> [What you should do]:
The full set of entries is to be printed exactly, with pictures excluded.

↓↓↓

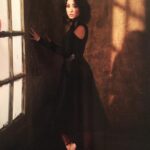 Brenda Song Instagram - Loving this pic from this months issue Emmy Mag! I feel so grown up hahaha. 📸: @robertascroft Styling: @navajolene Hair: @annaleefiorino Makeup: @kristeeliu
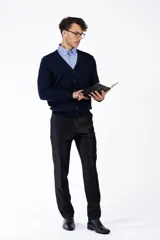 Cardigan azul marino de corte clásico, tejido con 95% algodón y 5% cashmere, con botones frontales y acabados finos en puños y cintura.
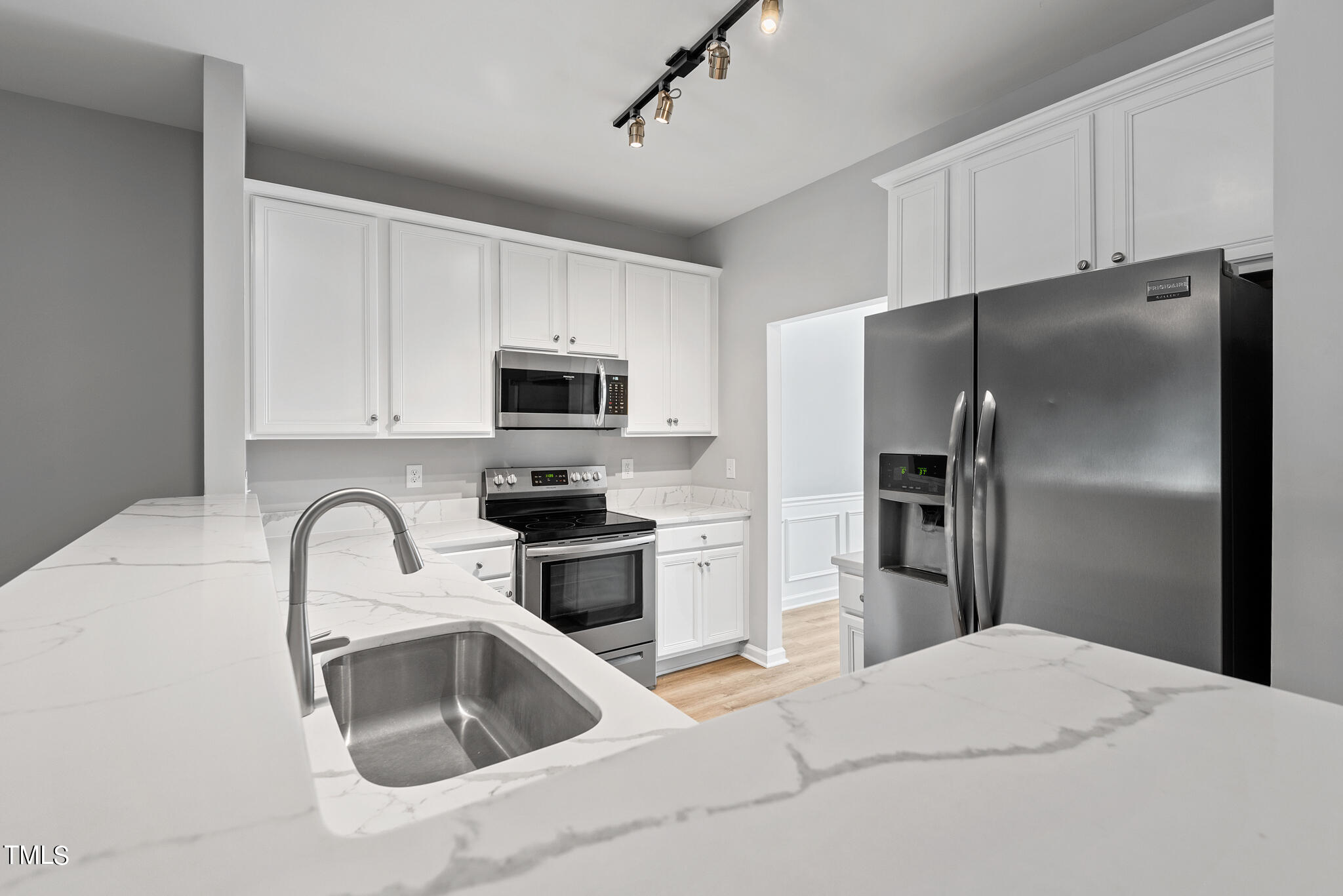 2209 Bankshill Row Raleigh, NC 27614 - Photo 15 of 44
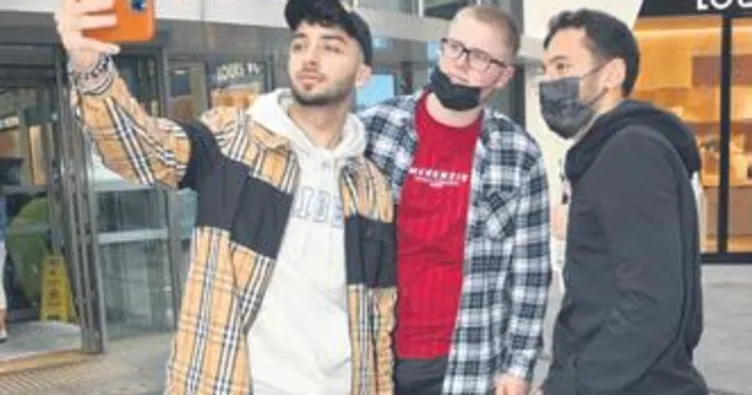 Gurbetçi fanları etrafını sardı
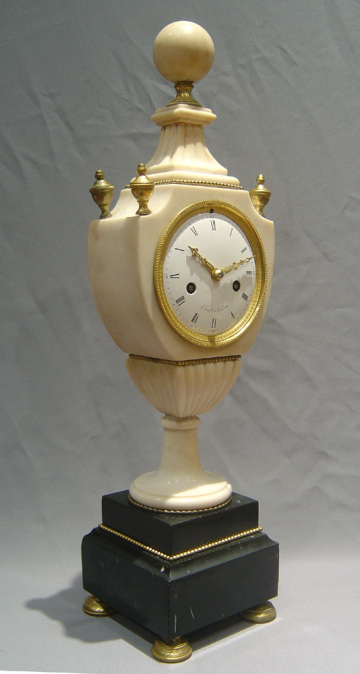 alarm clock radio clockstatue beautiful clock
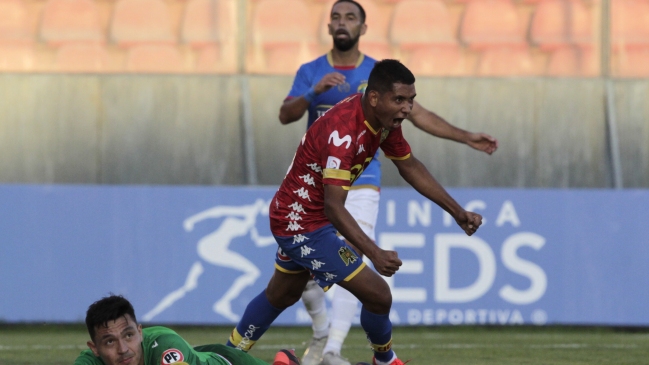 Unión Española logró el empate parcial con Audax Italiano con un cabezazo de Cristian Palacios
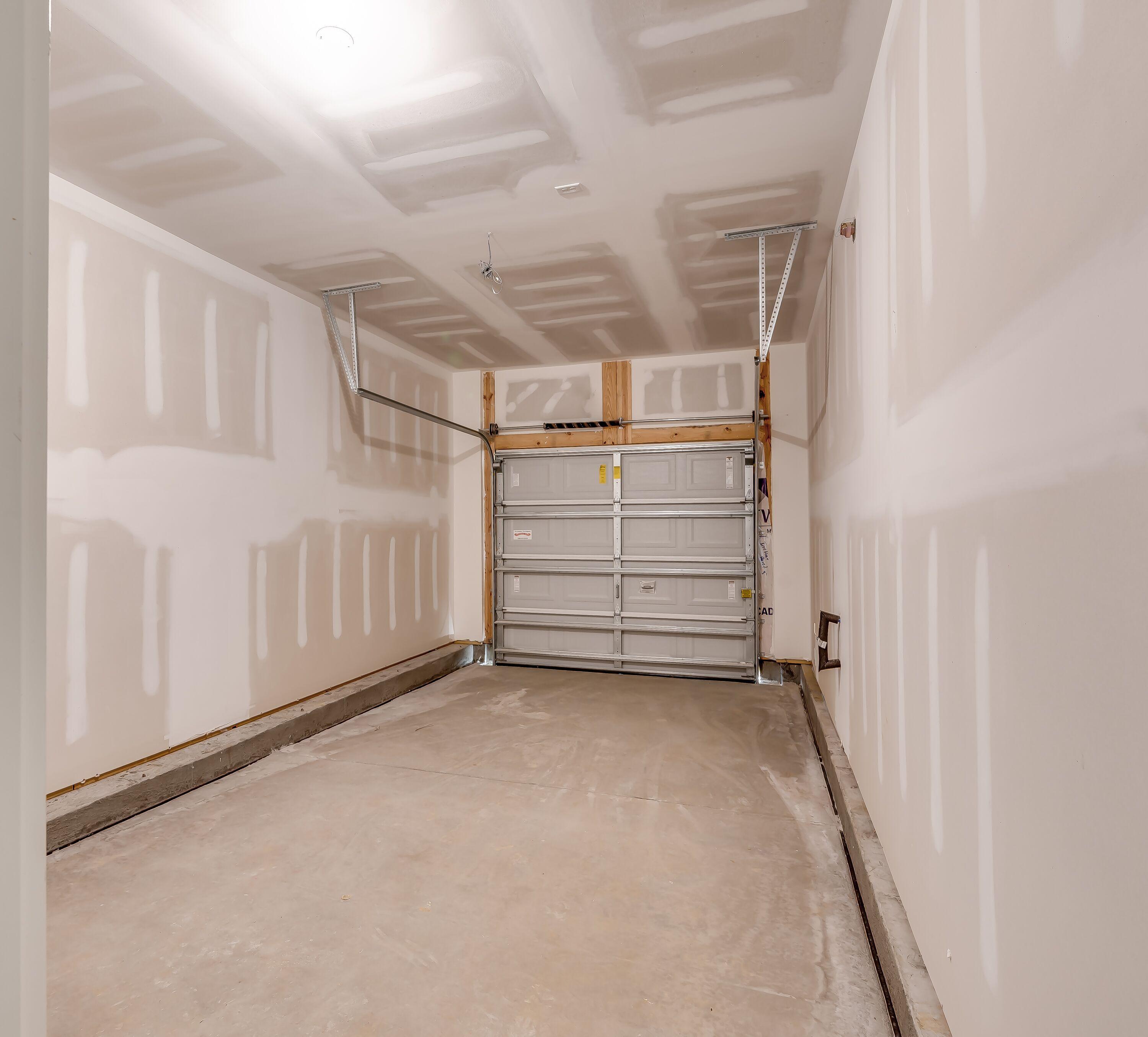 120 Alpine Road Summerville, SC 29485 - Photo 22 of 40 garage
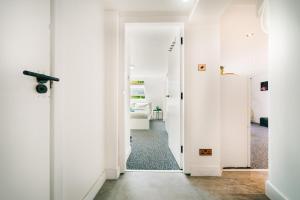 Charming Apartment in the Church near Canary Wharf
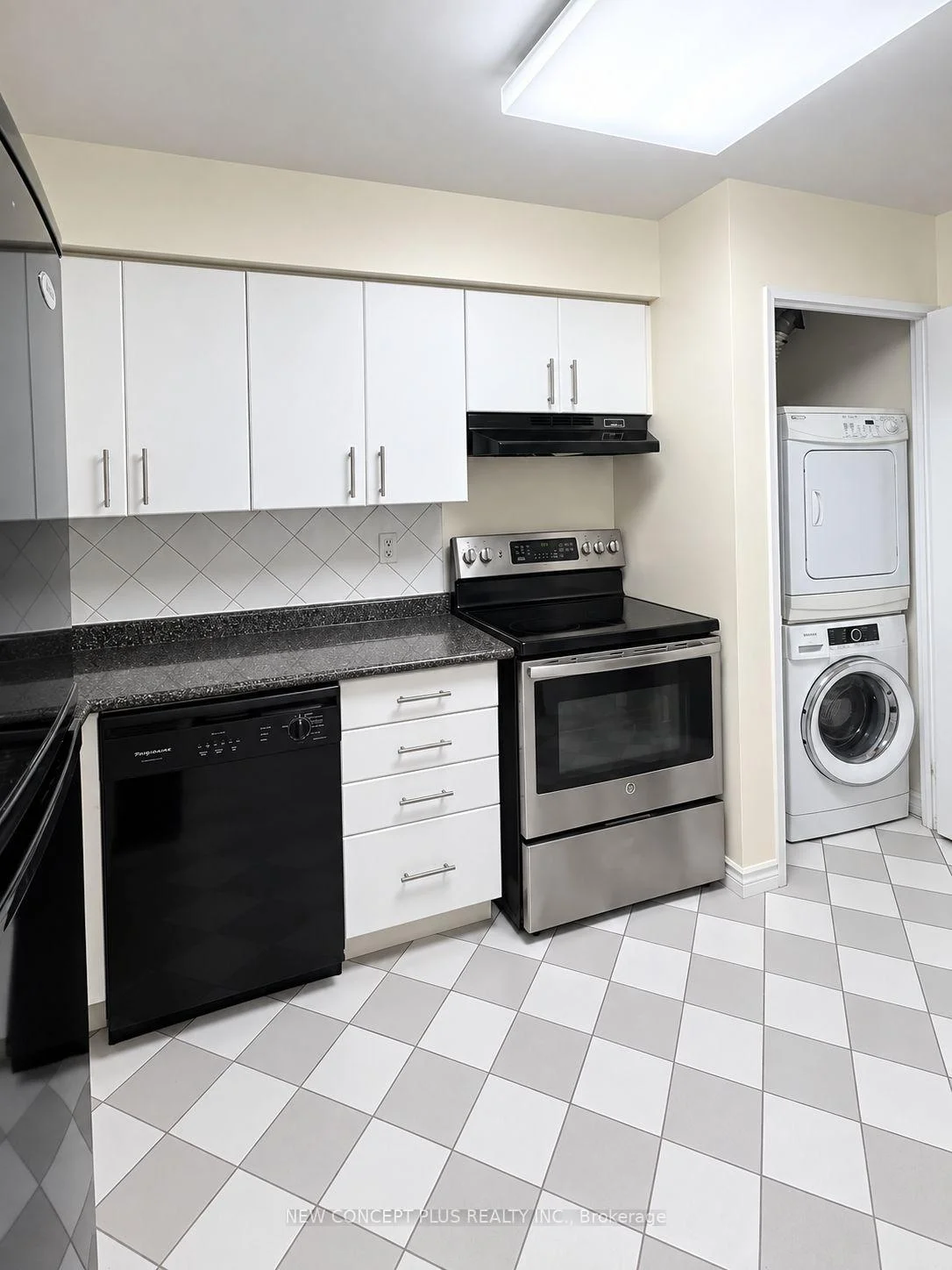 Photo 39 of Unit 506, 91 Townsgate Drive, Vaughan, Crestwood-Springfarm-Yorkhill — HOMEH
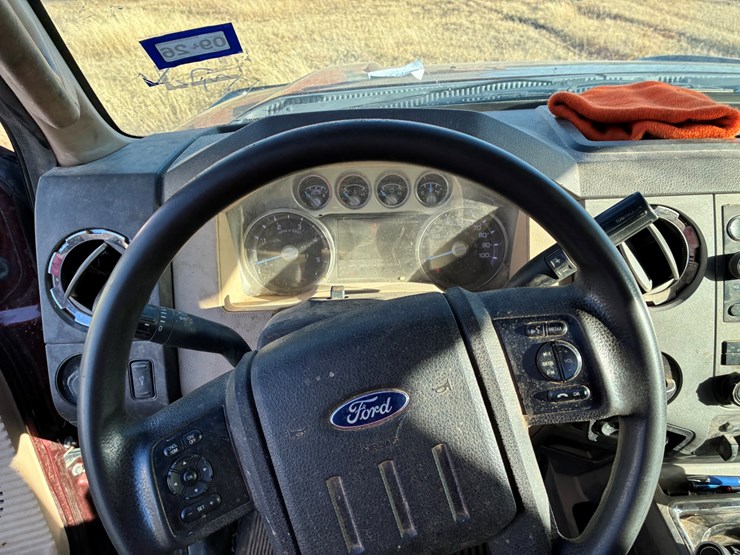 2015-ford-f350-xlt-image-8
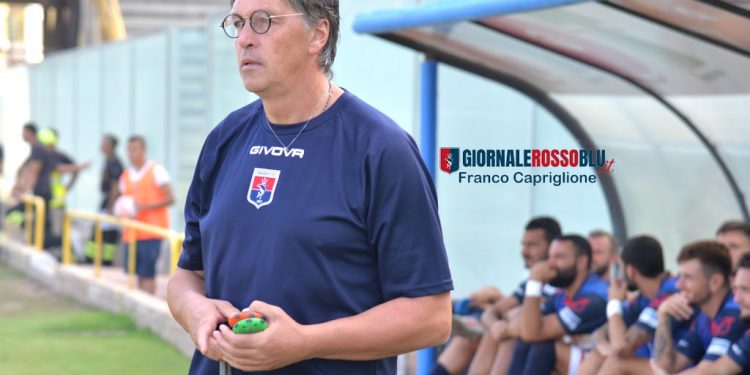 Taranto, ufficiale l’esonero di Nicola Ragno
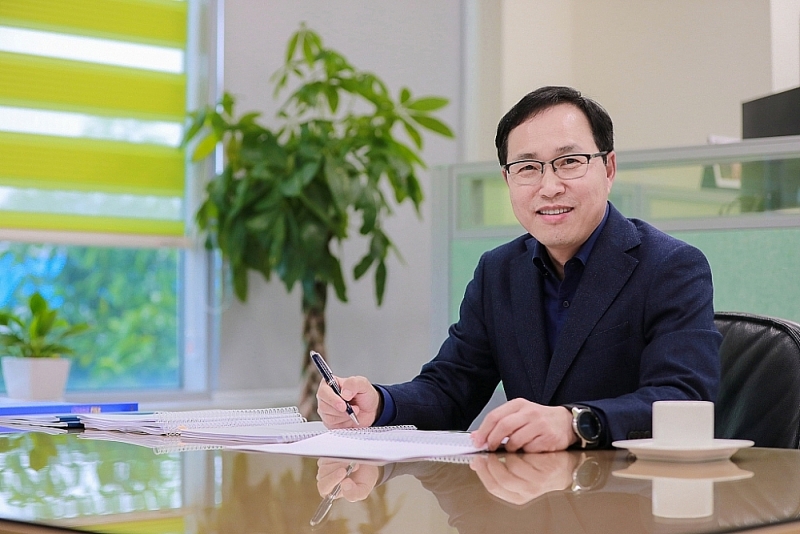 General Director of Samsung Vietnam Choi Joo Ho: Samsung always receives valuable support from Vietnam Customs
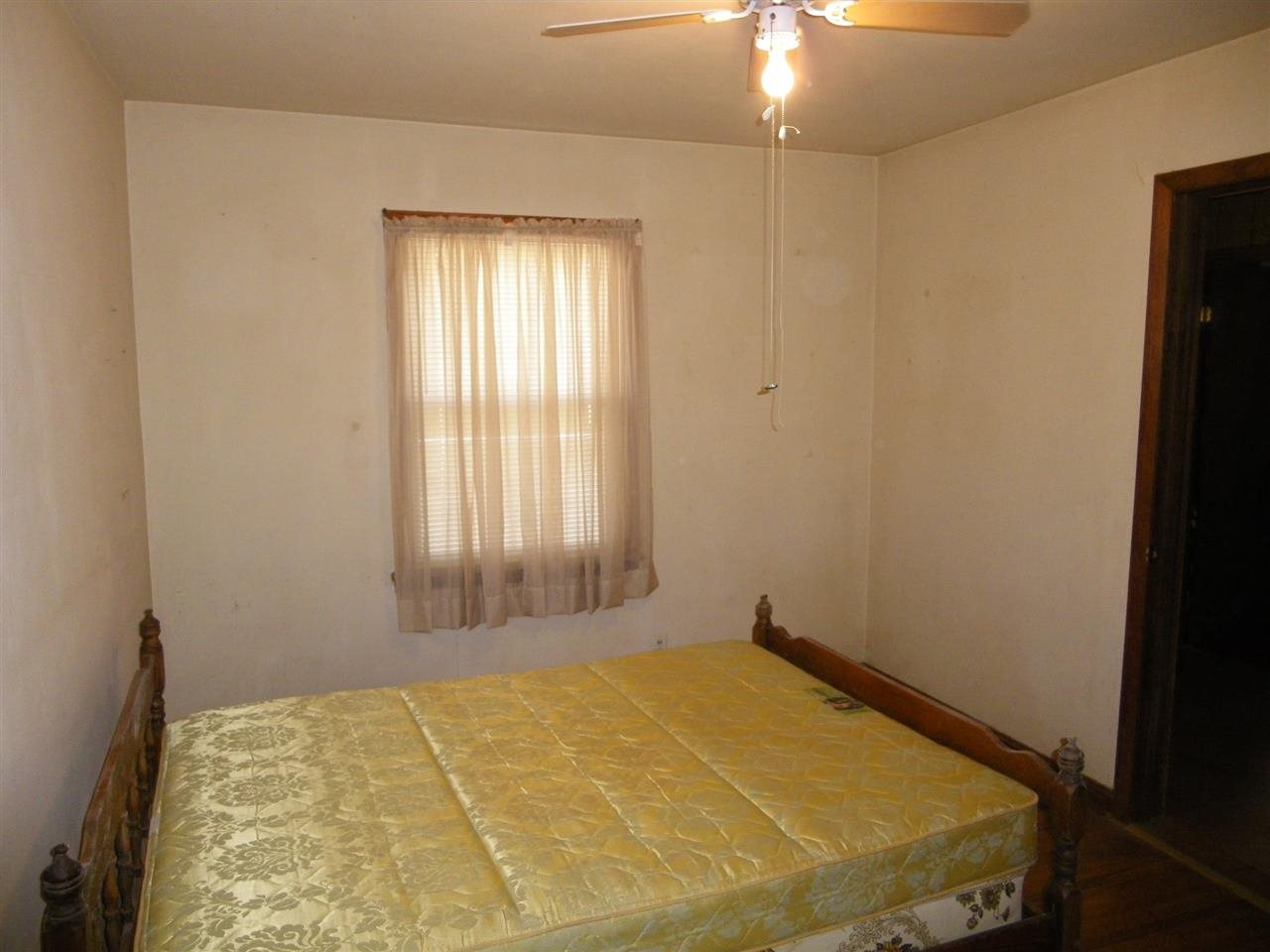 705 Wall Street Evansville, IN 47713 - Photo 5 of 6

↑↑↑

> [Problem solution]:
 Brenda Song Instagram - Loving this pic from this months issue Emmy Mag! I feel so grown up hahaha. 📸: @robertascroft Styling: @navajolene Hair: @annaleefiorino Makeup: @kristeeliu
 Cardigan azul marino de corte clásico, tejido con 95% algodón y 5% cashmere, con botones frontales y acabados finos en puños y cintura.
 2209 Bankshill Row Raleigh, NC 27614 - Photo 15 of 44
 Gurbetçi fanları etrafını sardı
 alarm clock radio clockstatue beautiful clock
 Unión Española logró el empate parcial con Audax Italiano con un cabezazo de Cristian Palacios
 120 Alpine Road Summerville, SC 29485 - Photo 22 of 40 garage
 Charming Apartment in the Church near Canary Wharf
 Photo 39 of Unit 506, 91 Townsgate Drive, Vaughan, Crestwood-Springfarm-Yorkhill — HOMEH
 2015-ford-f350-xlt-image-8
 Taranto, ufficiale l’esonero di Nicola Ragno
 General Director of Samsung Vietnam Choi Joo Ho: Samsung always receives valuable support from Vietnam Customs
 705 Wall Street Evansville, IN 47713 - Photo 5 of 6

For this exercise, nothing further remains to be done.